Football Manager is a popular PC-only game series, and most copies of popular PC games are distributed online these days. Still, Sports Interactive and Sega are switching to a paper-based form of packaging in order to cut down on plastic waste when Football Manager 2020 launches in November.
GamesIndustry.biz reported on the series’ new duds yesterday, with Sega quoted as saying the switch will save about 22 metric tons of plastic. If that sounds like a lot, it equals about 360,000 physical copies sold, at 55 grams of plastic per standard case, which is about right for a global best-seller like Football Manager.
The packaging itself is a 100 percent recycled cardboard sleeve, that itself is also recyclable. Yes, there still is shrink wrap, but that will be “fully recyclable low-density polyethylene.” The manual — and, yes, there still are video game instruction manuals! — will use water-based or vegetable-based ink on recycled paper.
“It still looks great. It’s still solid. The disc is still secure,” Miles Jacobson, of Sports Interactive, told GamesIndustry.biz. “But it has less environmental impact in many different ways. So we’d be stupid not to do it, and if anyone from other games or entertainment companies is reading this, you’d be stupid not to do it too.”

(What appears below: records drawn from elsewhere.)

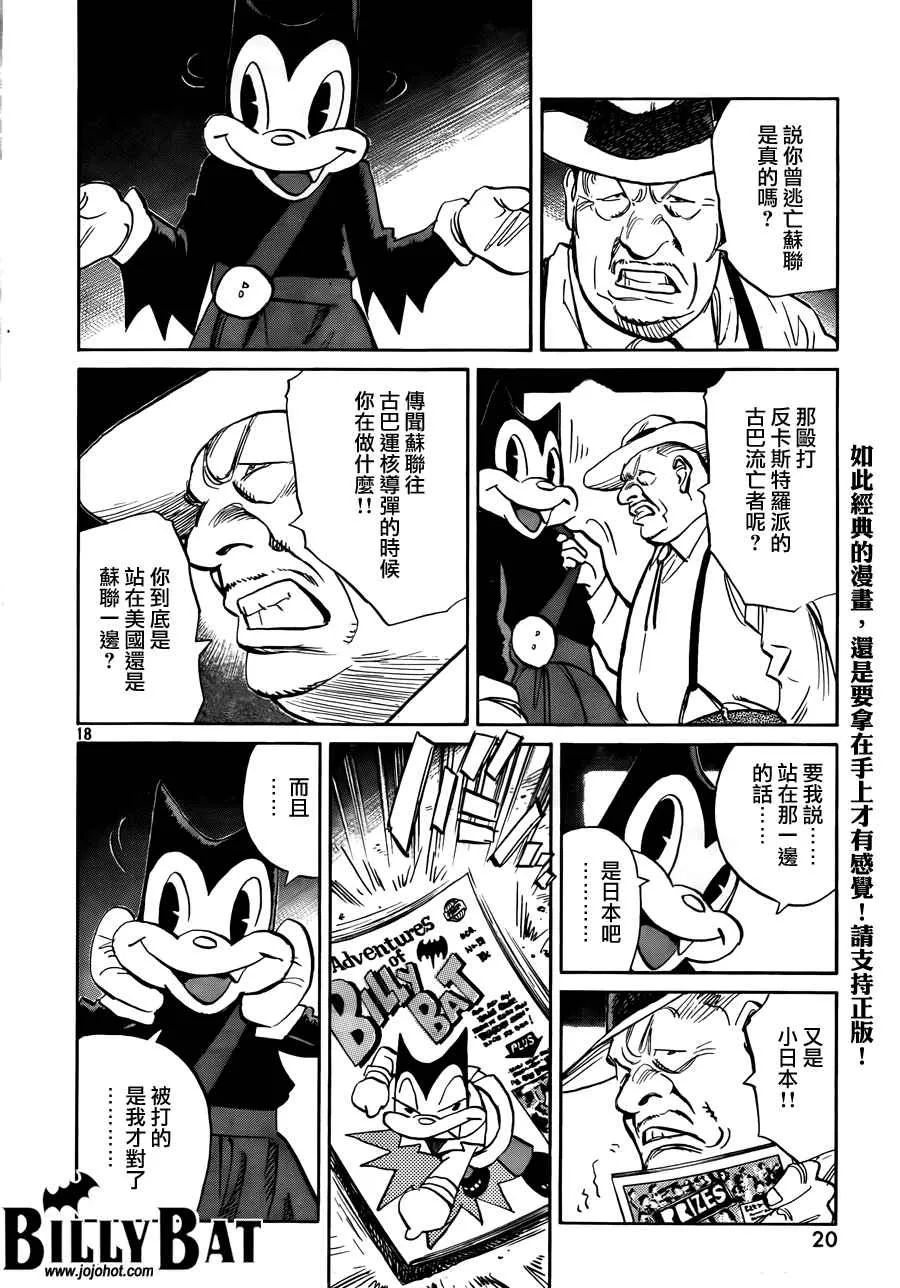 第4卷 第21页
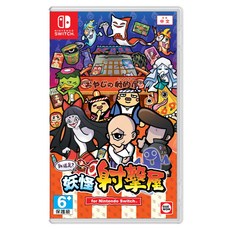 Nintendo 任天堂 SWITCH NS 台灣公司貨 難道是?妖怪射擊屋 亞中版 中文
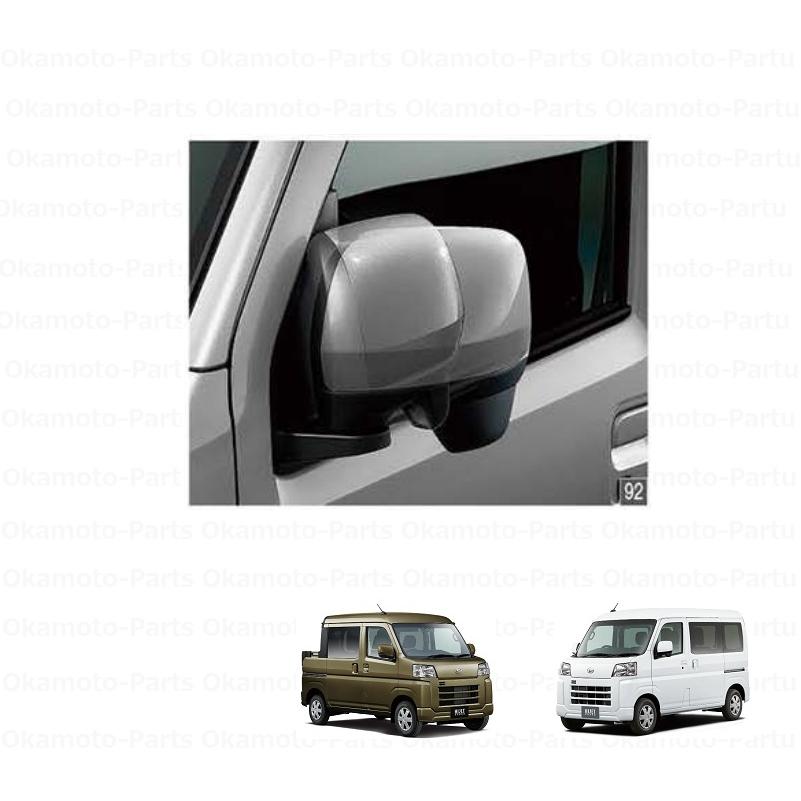 ハイゼット (18)オートリトラクタブルミラー「ダイハツ純正用品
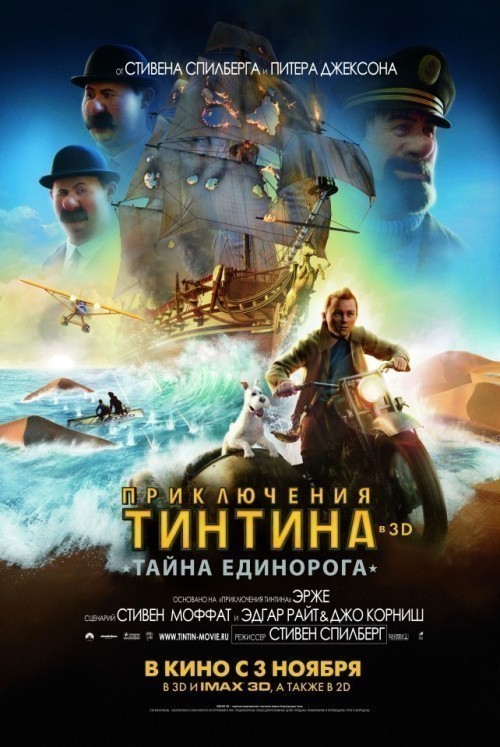Приключения Тинтина: Тайна Единорога - трейлер и описание.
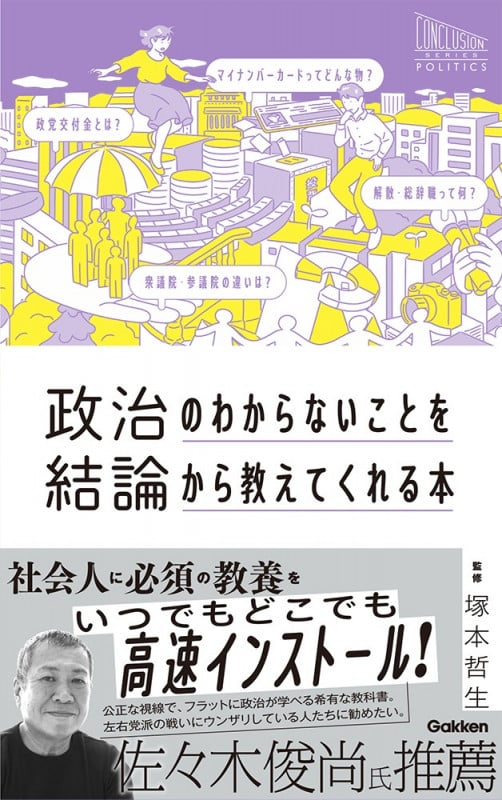 政治のわからないことを結論から教えてくれる本 (CONCLUSION SERIES POLITICS)
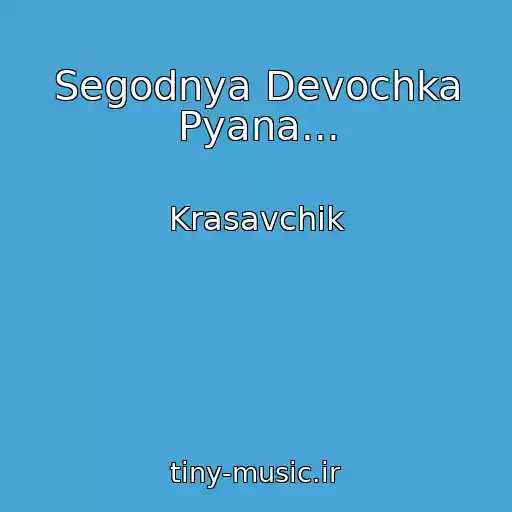 کاور آهنگ Segodnya Devochka Pyana... از Krasavchik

Video games publishers have cut back on packaging over the past decade, as online distribution and in-game tutorials have replaced copies on shelves and chonky instruction manuals. The console makers got the ball rolling in 2009 with “green” game cases that used less plastic by giving the disc panel the TIE Fighter wing look it has now. Ubisoft followed the next year by eliminating printed instruction manuals, and EA Sports followed in 2011 by getting rid of its booklets. With some exceptions (like Football Manager’s manuals) this is pretty much the norm today.